Workplace flexibility programs benefit employers of all sizes and industries, resulting in increased employee job satisfaction, lower turnover and lower insurance costs, according to a new report.
Published by the When Work Works initiative of the Families and Work Institute (FWI) and the Society for Human Resource Management (SHRM), Workplace Flexibility in the United States: A Status Report debunks myths about workplace flexibility and documents the connection among flexible workplaces and business results that matter to employers.
“As the economy, and the employers and employees that comprise it, move forward through a time of ever greater work and home-life demands, workplace flexibility becomes more than a favour or benefit for employees,” said the report. “It becomes a strategic necessity to keep employees and employers working and living well.”

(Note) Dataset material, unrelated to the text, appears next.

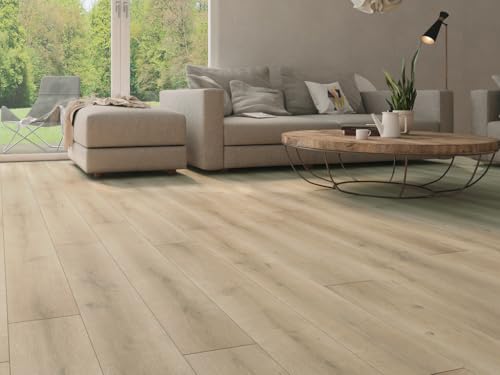 BASICfloor Grey Brown 8mm Laminatboden Landhausdiele Bellemont Oak, Lifestyle Trend, Nutzungsklasse 23 32, Klick, Feuchtraumgeeignet, Fussbodenheizung | 1 Stk. ca. 2,22 m², 128.5 x 19.2 x 8 cm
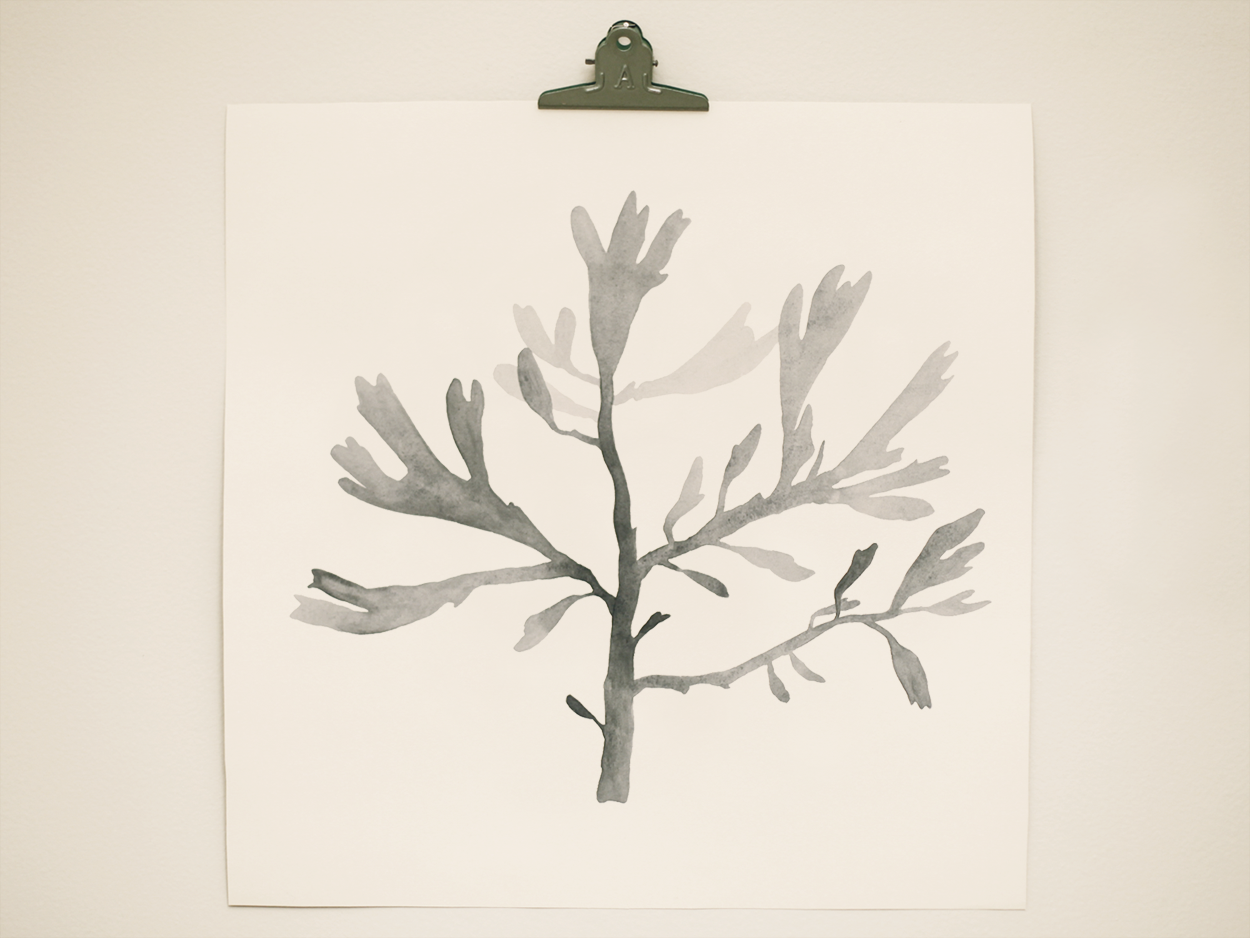 seaweed6.png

A common assumption about workplace flexibility is that small employers are less flexible than large employers because of cost. But while 38 per cent of large employers (500 or more employees) said the costs of flexibility or limited funds was an obstacle to flexibility, less than 32 per cent of small organizations said the same thing, found the report.
“The assumption is that if you give employees an inch, they take a mile. But that’s not the case,” said Ellen Galinsky, FWI’s president and co-author of the report. “Overall, 11 per cent of employees with access to daily schedule flexibility use it several times a month or more, 70 per cent use it once a month or less and the remaining 19 per cent never use it.”